This morning I was up early (with my one year old) devoting some time to my sadhana, or my own personal spiritual practice. I was working my way through a warrior sequence when, as I reached my fingertips up and arched my back into the Warrior 1 posture, I caught myself doing something troublesome – holding my breath.

Normally I love pranayama (breathing) exercises. I enjoy the crisp April air, taking it in through my nose to fill down to the depths of my lungs. But just as I occasionally catch myself gritting my teeth or tensing my muscles, today I found myself cutting off the prana, the life force, to my body.

“Yoga” comes from the Sanskrit “yuj,” which means “to unite” or “yoke.” I’ve been reflecting today on just what it might be that we are yoking together. Today, the union I needed was between my breath, and my body.

As an assault survivor, often the unions that get most neglected is between the body and the mind, or the body and the present moment. I was explaining to a writer recently that it becomes easy to dissociate – that is, to disconnect – your mind from your body. To see your body as an entirely different entity than you. Something that is bad; something that causes hurt, pain, and trouble.

To reconnect, however – to re-unite the body and mind, to reconnect the body to the here and now – can initially be difficult.
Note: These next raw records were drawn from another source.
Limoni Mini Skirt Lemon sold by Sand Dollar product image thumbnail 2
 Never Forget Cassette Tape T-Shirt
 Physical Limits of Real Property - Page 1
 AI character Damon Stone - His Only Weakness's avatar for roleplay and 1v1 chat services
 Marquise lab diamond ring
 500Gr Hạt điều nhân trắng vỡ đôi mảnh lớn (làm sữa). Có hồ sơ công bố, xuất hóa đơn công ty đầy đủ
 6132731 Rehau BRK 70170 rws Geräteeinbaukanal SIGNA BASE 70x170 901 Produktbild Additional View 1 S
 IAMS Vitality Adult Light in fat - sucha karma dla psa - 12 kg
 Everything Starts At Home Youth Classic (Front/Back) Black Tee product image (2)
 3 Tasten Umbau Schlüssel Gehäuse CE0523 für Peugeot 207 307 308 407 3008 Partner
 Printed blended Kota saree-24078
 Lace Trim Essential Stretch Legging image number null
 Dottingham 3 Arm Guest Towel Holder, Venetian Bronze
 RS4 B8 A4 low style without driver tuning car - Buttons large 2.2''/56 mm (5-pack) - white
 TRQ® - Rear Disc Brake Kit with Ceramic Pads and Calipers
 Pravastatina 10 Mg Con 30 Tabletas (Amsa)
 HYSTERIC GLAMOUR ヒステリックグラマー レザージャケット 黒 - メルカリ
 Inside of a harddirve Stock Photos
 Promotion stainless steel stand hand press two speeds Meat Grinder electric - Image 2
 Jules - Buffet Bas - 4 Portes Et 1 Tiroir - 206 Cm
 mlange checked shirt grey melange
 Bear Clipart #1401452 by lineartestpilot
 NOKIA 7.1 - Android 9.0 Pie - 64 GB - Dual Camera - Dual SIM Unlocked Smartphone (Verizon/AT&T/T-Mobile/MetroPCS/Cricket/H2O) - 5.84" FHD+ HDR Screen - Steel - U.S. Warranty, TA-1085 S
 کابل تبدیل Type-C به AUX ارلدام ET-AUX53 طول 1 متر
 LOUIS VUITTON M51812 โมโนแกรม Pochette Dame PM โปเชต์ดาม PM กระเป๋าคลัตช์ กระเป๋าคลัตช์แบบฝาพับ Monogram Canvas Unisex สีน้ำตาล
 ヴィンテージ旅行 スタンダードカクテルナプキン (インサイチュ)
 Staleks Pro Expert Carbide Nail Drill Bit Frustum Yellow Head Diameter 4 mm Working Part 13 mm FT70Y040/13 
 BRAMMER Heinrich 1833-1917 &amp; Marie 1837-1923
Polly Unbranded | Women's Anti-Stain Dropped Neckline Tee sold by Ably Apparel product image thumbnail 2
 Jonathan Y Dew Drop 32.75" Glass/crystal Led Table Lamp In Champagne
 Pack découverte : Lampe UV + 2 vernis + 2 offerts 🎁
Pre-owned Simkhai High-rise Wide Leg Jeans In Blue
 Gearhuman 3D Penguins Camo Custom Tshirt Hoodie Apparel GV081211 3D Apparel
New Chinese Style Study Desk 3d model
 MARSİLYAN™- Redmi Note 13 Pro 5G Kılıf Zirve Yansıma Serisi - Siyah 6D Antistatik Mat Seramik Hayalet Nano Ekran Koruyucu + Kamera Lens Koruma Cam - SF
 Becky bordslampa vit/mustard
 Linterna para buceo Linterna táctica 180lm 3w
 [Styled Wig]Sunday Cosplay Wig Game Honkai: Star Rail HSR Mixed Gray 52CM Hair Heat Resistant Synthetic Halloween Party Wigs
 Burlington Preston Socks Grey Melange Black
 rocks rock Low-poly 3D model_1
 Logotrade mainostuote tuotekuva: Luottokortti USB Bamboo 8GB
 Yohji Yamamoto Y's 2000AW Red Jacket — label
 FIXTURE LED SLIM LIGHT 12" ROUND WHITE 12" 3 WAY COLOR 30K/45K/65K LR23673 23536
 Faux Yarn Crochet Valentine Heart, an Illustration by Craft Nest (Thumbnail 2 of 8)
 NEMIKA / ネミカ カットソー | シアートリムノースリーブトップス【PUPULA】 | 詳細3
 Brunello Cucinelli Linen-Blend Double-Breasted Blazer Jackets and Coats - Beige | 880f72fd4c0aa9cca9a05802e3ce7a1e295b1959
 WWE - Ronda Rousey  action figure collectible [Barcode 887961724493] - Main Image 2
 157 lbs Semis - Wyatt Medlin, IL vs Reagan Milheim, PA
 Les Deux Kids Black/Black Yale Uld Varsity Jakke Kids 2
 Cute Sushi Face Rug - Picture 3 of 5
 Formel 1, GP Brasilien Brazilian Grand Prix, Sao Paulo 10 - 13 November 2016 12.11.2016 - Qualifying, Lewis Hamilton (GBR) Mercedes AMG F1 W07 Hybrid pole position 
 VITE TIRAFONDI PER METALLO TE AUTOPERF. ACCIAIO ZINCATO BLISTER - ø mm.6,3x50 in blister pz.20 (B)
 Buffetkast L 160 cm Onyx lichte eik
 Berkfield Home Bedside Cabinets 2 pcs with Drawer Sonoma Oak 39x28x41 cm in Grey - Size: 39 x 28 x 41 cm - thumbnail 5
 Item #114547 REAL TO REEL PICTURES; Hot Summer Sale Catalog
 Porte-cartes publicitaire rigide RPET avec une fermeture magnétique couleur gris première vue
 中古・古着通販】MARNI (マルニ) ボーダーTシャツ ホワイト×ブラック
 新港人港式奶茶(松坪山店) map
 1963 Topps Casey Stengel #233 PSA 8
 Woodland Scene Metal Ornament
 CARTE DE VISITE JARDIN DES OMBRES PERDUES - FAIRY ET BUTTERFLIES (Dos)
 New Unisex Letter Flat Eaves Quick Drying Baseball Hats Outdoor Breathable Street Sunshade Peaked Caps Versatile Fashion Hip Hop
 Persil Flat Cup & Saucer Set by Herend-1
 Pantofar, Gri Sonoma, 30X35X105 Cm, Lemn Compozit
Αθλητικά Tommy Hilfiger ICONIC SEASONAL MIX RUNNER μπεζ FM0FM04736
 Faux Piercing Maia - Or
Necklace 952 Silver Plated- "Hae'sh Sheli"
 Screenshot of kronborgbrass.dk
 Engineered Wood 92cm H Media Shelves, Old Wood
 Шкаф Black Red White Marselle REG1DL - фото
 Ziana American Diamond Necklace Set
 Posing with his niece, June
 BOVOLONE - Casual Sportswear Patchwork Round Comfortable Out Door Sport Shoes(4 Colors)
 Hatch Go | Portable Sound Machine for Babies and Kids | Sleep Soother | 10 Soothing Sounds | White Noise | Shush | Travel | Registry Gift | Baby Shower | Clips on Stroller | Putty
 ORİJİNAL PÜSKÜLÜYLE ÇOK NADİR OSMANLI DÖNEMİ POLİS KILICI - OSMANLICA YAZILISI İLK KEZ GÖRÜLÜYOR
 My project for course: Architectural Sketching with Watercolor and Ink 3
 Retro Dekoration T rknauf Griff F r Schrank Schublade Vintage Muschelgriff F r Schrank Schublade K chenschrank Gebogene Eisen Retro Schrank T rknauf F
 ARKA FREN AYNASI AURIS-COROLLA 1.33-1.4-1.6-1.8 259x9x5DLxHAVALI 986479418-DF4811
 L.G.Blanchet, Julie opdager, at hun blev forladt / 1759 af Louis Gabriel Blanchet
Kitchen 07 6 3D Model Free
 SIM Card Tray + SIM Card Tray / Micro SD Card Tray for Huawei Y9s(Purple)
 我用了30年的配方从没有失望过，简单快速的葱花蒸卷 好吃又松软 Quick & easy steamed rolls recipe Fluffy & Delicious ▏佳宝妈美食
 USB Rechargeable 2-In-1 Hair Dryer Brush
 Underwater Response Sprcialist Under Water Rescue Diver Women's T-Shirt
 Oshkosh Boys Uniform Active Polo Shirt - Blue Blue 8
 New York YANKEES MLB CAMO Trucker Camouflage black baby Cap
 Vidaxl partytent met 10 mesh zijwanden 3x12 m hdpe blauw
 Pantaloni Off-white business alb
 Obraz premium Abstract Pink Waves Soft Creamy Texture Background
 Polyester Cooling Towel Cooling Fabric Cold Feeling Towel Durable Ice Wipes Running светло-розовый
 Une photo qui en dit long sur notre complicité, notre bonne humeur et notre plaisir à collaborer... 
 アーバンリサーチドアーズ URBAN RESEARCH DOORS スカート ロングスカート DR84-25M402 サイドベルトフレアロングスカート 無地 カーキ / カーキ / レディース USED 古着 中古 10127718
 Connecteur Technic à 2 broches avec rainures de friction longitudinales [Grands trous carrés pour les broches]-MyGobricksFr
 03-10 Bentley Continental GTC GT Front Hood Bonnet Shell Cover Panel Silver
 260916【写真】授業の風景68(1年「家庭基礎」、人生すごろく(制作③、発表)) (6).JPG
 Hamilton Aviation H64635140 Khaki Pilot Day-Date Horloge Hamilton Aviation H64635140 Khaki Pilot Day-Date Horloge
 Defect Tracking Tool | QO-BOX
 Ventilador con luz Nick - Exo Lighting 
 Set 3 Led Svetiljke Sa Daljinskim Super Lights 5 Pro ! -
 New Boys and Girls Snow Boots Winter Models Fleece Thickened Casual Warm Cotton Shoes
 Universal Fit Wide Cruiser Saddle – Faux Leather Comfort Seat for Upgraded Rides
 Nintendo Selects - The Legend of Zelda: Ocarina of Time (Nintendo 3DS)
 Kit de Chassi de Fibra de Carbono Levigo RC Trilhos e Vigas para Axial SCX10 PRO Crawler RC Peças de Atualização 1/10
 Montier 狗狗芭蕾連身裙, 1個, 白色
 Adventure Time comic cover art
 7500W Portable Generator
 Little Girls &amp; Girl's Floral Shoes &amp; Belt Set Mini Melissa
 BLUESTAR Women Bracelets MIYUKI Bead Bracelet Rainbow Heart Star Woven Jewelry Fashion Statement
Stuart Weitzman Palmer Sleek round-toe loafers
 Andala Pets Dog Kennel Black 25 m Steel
It is, however, an important process in finding the present moment and being in it. Not being in the past, where trauma has dug in its roots; not being lost in the future, where anxiety haunts us. It is in the present moment that we find gratitude, serenity, and that peace for the mind exists.

Yoga can do that for us. Pranayama can, too. Like cool air for the lungs, we can breathe in peace, and feel it fill us, down to the depths of our soul. That is a blessed union.